Every year in either late April or May, the Naval Postgraduate School, where I was on the faculty for 33 years, has International Day. It’s one of my favorite events at the school. NPS students from many countries show up in the dress from those countries and sell food associated with those countries. You buy a number of tickets that look like old theater tickets and then use them to buy the food: 2 tickets for this, 3 for that, etc.
Because I’ve been retired for almost 8 years, I sometimes lose track. But on Saturday I made it. I don’t know the students any more and ran into only one person I knew from my time there. But that didn’t stop me. I like going for the food and I also like conversations with people about their countries. The longest conversations I had were with the Germans and my fellow Canadians.
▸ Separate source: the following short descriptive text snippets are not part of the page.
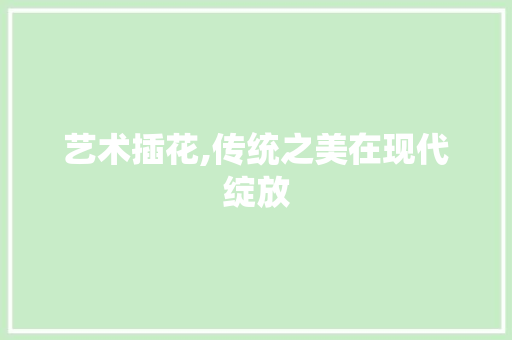 艺术插花,传统之美在现代绽放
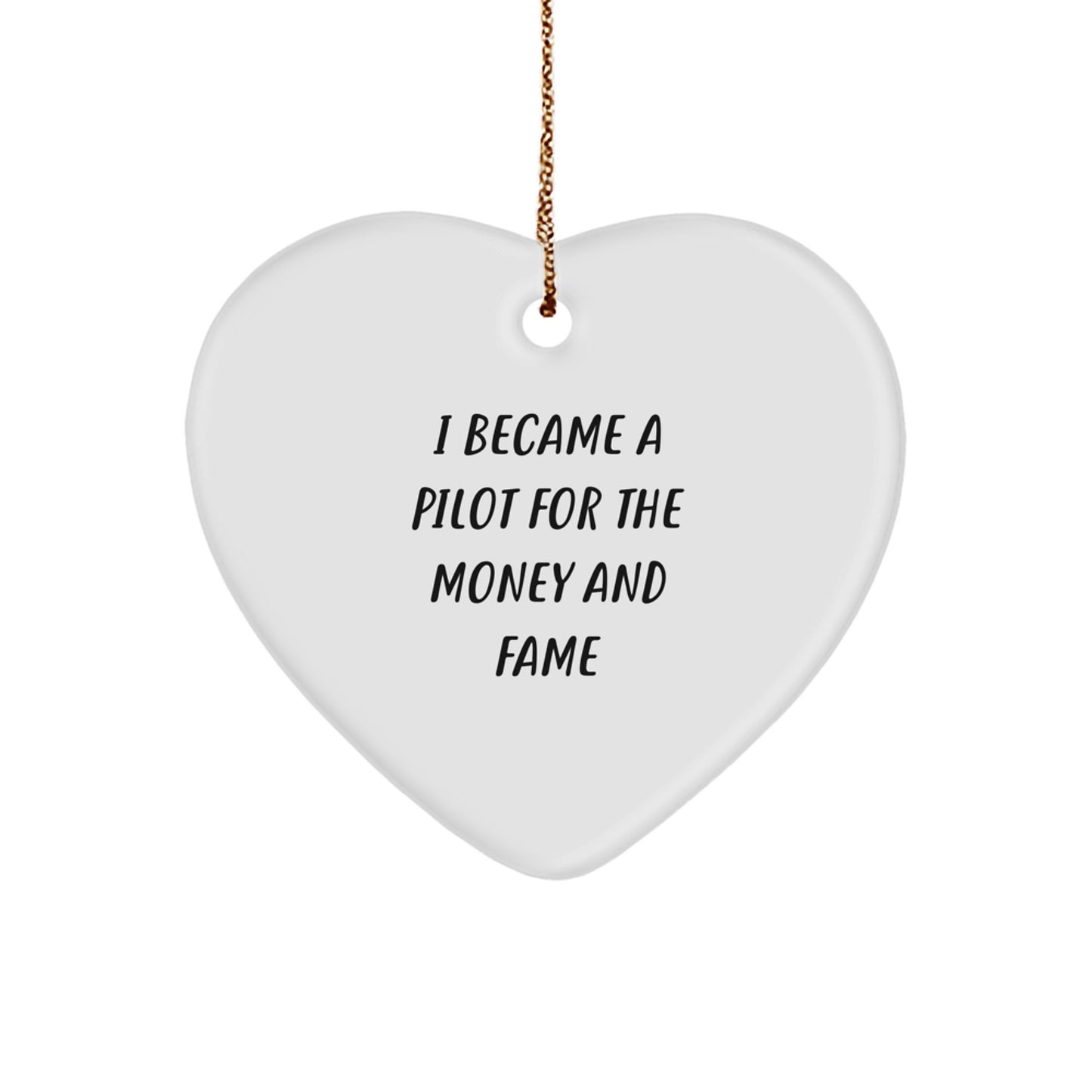 Funny Pilot Gifts from Men to Pilot Friends - I Became A Pilot For The Money And Fame Heart Ornament for Christmas Unique Gifts - Image 1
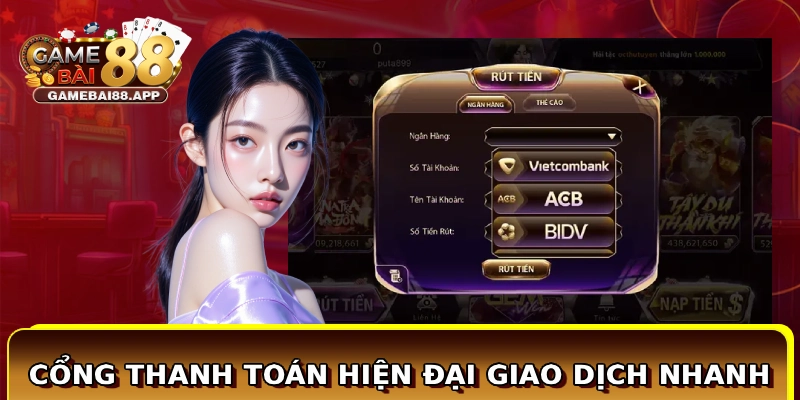 Cổng thanh toán hiện đại giao dịch nhanh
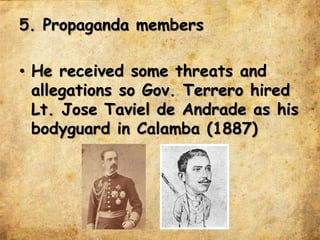 5. Propaganda members
• He received some threats and
allegations so Gov. Terrero hired
Lt. Jose Taviel de Andrade as his
bodyguard in Calamba (1887)
 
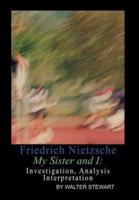 Friedrich Nietzsche My Sister and I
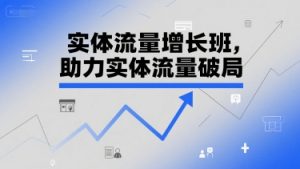 实体流量增长班，助力实体流量破局-21资源库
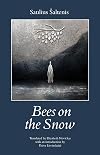 Bees on the Snow: (Kalės vaikai)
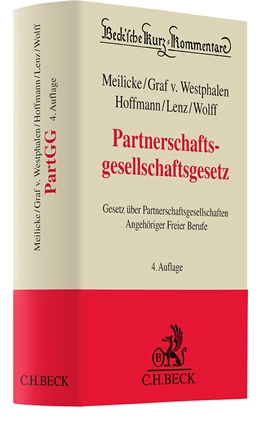 Abbildung von Meilicke / Graf v. Westphalen | Partnerschaftsgesellschaftsgesetz: PartGG | 4. Auflage | 2024 | Band 49 | beck-shop.de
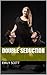 Double Seduction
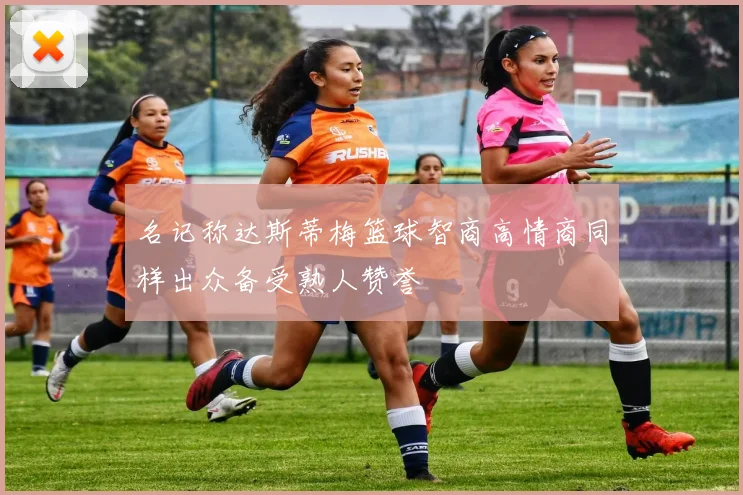 名记称达斯蒂梅篮球智商高情商同样出众备受熟人赞誉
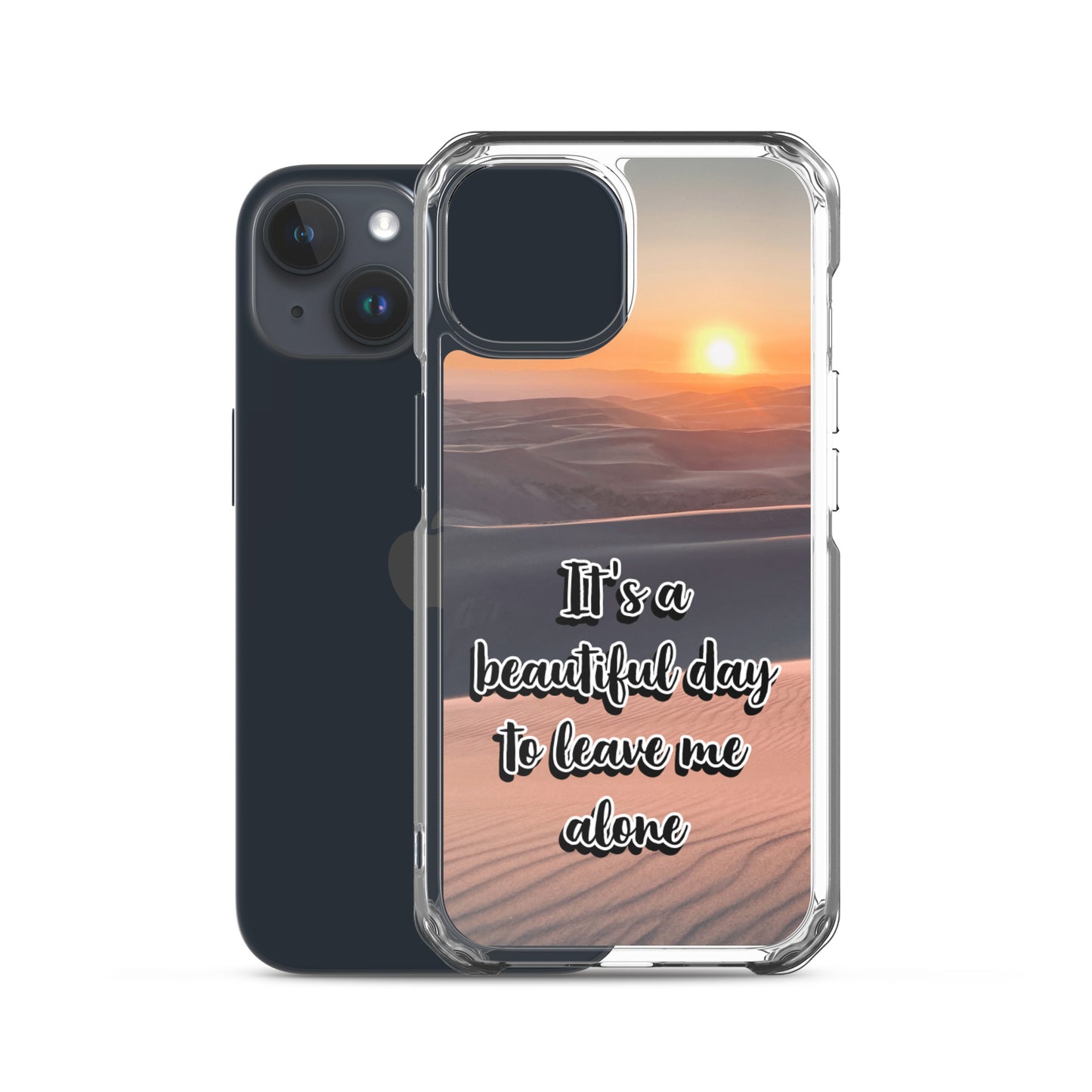 It's a Beautiful Day to Leave Me Alone (iPhone Case)
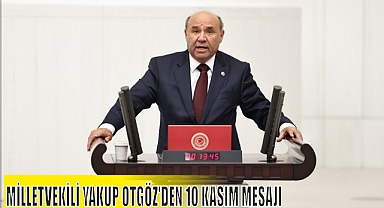 MİLLETVEKİLİ YAKUP OTGÖZ’DEN 10 KASIM MESAJI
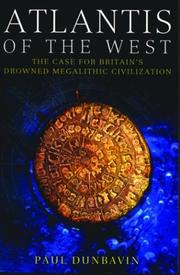 Cover of: Atlantis of the west by Paul Dunbavin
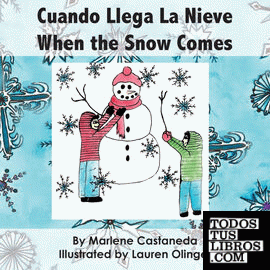 Cuando Llega La Nieve ~ When the Snow Comes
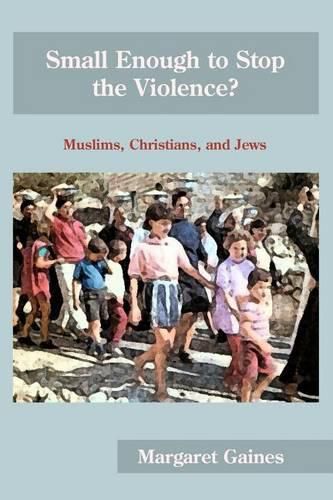 Cover image for Small Enough to Stop the Violence?: Muslims, Christians, and Jews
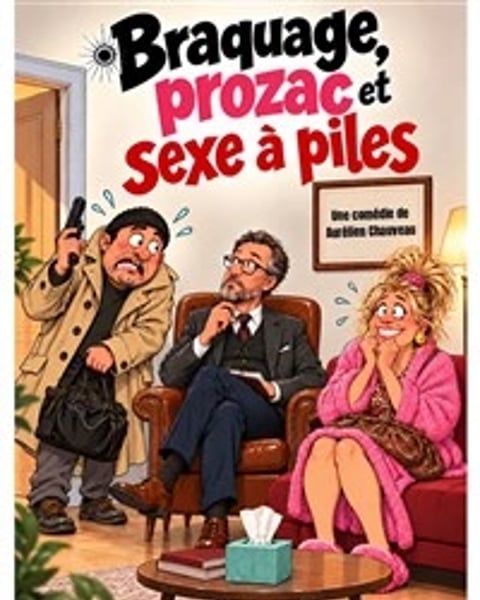 Braquage, prozac et sexe à piles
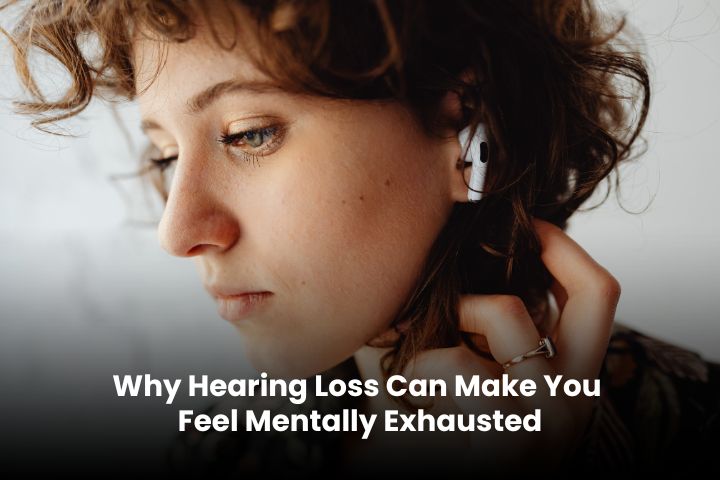 Why Hearing Loss Can Make You Feel Mentally Exhausted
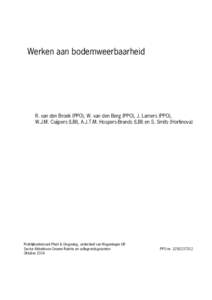 Werken aan bodemweerbaarheid  R. van den Broek (PPO), W. van den Berg (PPO), J. Lamers (PPO), W.J.M. Cuijpers (LBI), A.J.T.M. Hospers-Brands (LBI) en S. Smits (Hortinova)  Praktijkonderzoek Plant & Omgeving, onderdeel va
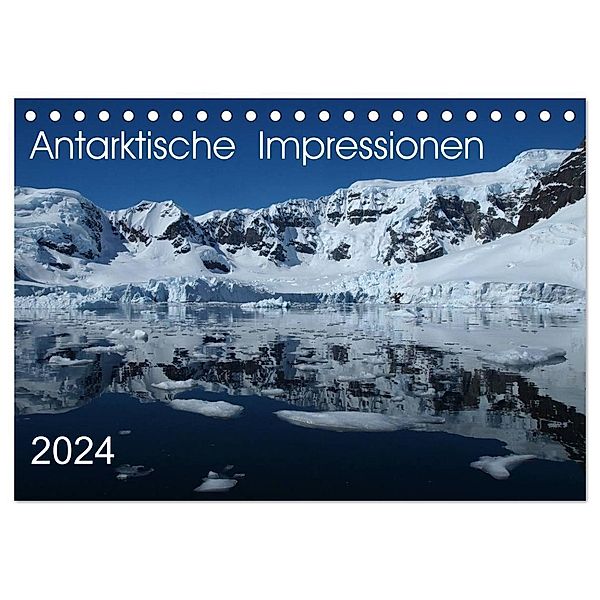 Antarktische Impressionen (Tischkalender 2024 DIN A5 quer), CALVENDO Monatskalender, Sabine Geschke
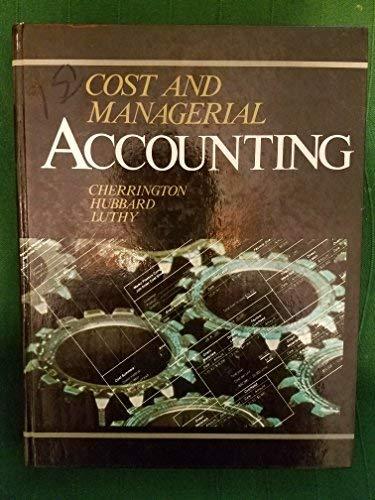 cost and managerial accounting 1st edition j. owen cherrington, e. dee hubbard, david h. luthy 0697082318,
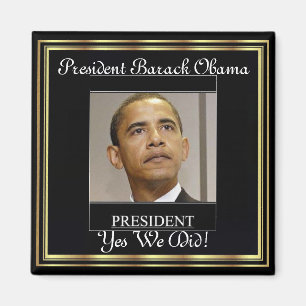 Einweihung Präsidenten-Obama Yes We Did Magnet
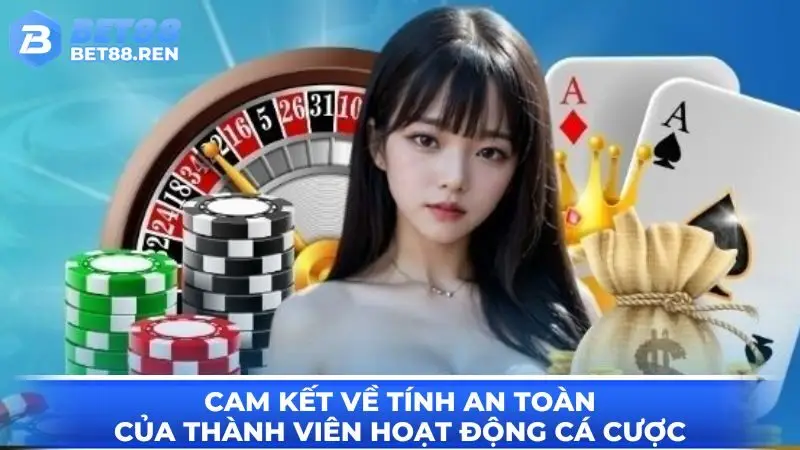 Cam kết từ nhà cái về an toàn thành viên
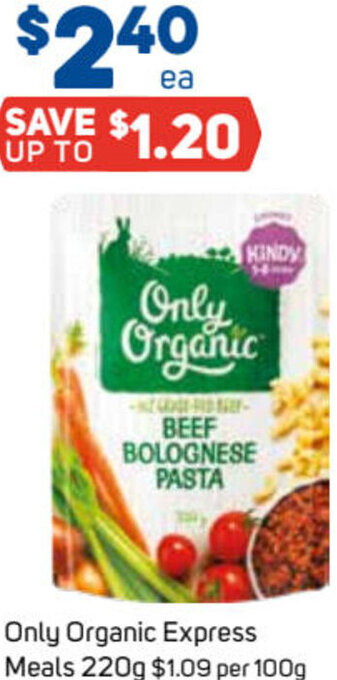 Foodland Only Organic Express Meals 220g offer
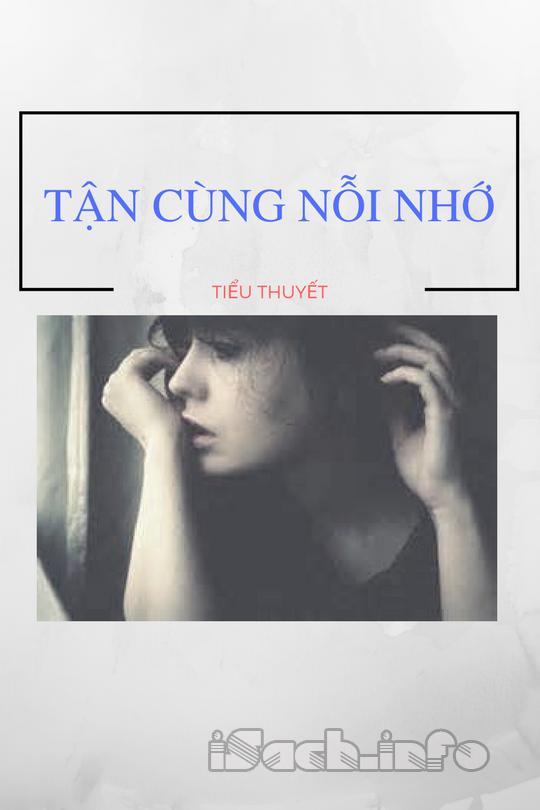 Tận Cùng Nỗi Nhớ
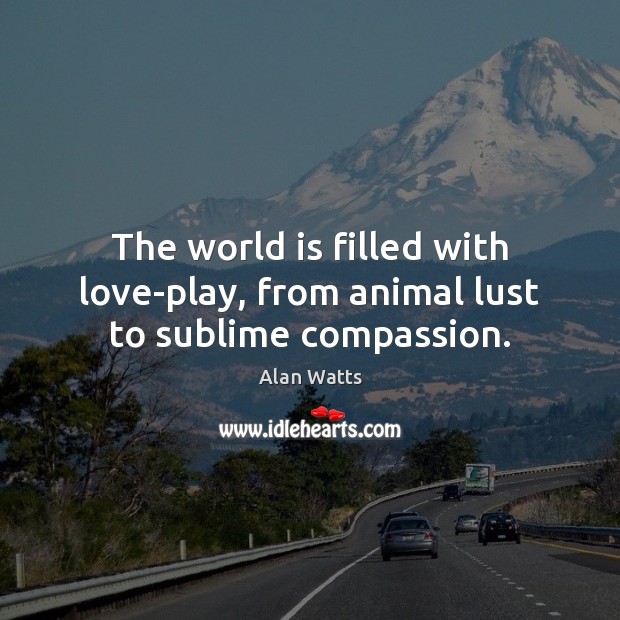 The world is filled with love-play, from animal lust to sublime compassion. Alan Watts Picture Quote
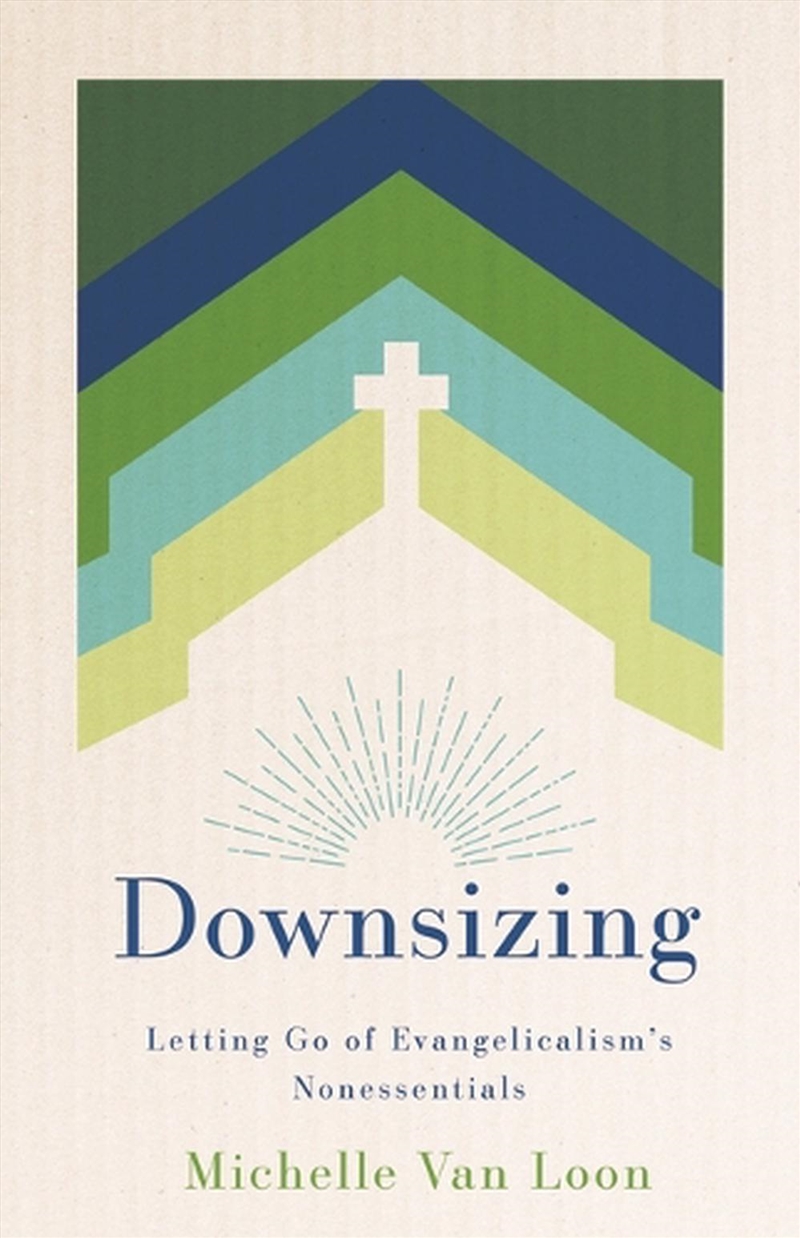 Downsizing : Letting Go Of Evangelicalism's Nonessentials/Product Detail/Religion & Beliefs
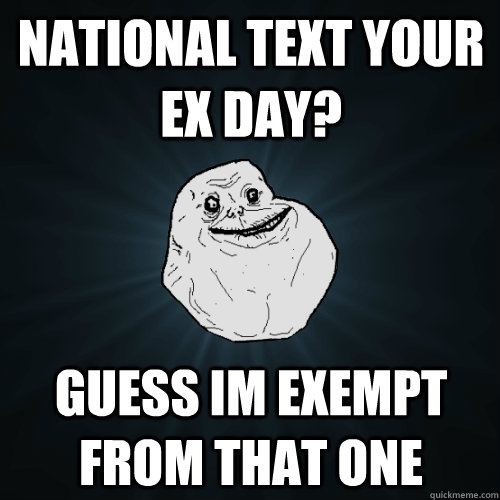 National text your ex day? guess Im exempt from that one - Forever Alone -  quickmeme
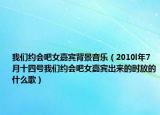 我们约会吧女嘉宾背景音乐（2010l年7月十四号我们约会吧女嘉宾出来的时放的什么歌）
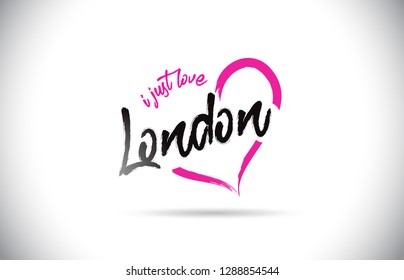 London I Just Love Word Text with Handwritten Font and Pink Heart Shape Vector Illustration.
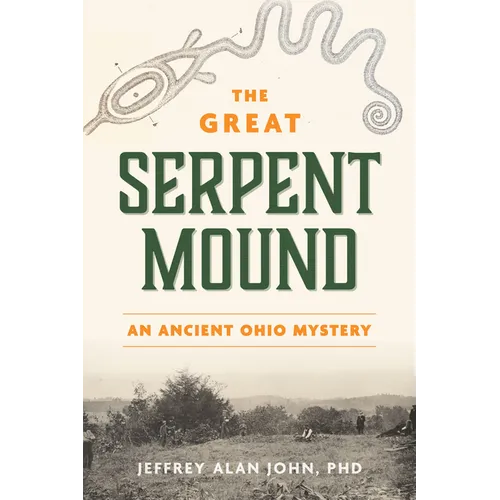 The Great Serpent Mound: An Ancient Ohio Mystery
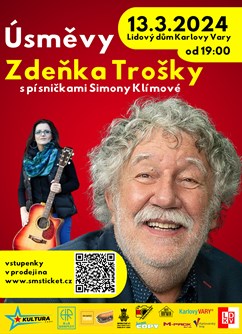 Úsměvy Zdeňka Trošky s písničkami Simony Klímové- Karlovy Vary -Lidový Dům, Školní 358, Karlovy Vary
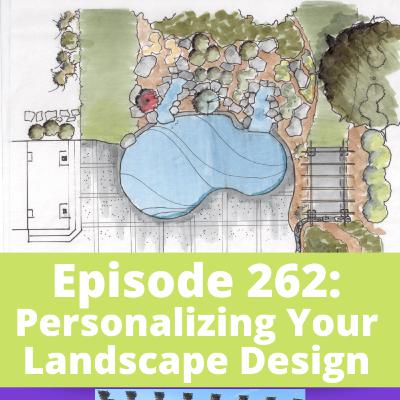 Personalizing Your Landscape Design Personalizing Your Landscape Design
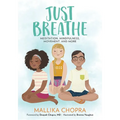Just Breathe: Meditation, Mindfulness, Movement, and More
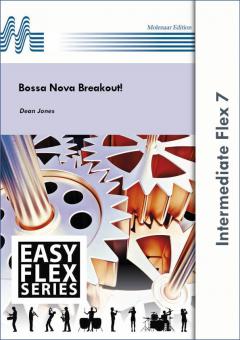 Bossa Nova Breakout! (Fanfarenorchester) 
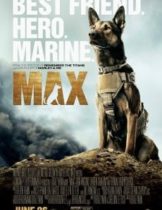 Max (2015) แม็กซ์ สี่ขาผู้กล้าหาญ  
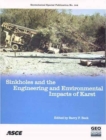 Image for Sinkholes and the Engineering and Environmental Impacts of Karst : Proceedings of the 10th Multidisciplinary Conference Held in San Antonio, Texas, September 24-28, 2005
Most of the food that I ate, though, was made by Asians: South Koreans, Japanese, and Indonesians, to name three.
Now to the conversations. There were a lot of Germans at the German booth, and they chose to wear their uniforms. I noticed the difference in colors of the uniforms. I asked if one was Army, one Marines, etc. No, I was told. The different shades represented the parts of the country (world? I’m not sure) they were in. So the lighter shade meant desert-like situations (that’s why I think it was the world, not the country) and, the officer told me, for far up north the uniforms were white.
And here was the most surprising fact. I asked one officer how long he planned to be in the military. He answered that he was 4 years along on a 14-year term. I was surprised and so I asked for clarification. Yes, indeed, he had signed up for a 14-year term and this was standard. I looked online and got the answer 13 to 17 years, depending on the area and required training. So presumably this officer was answering for his specialty. I forgot to ask if that applied to enlistees also. I checked and the answer is 6 to 23 months. (By the way, Germany ended the draft in 2011. Yay!)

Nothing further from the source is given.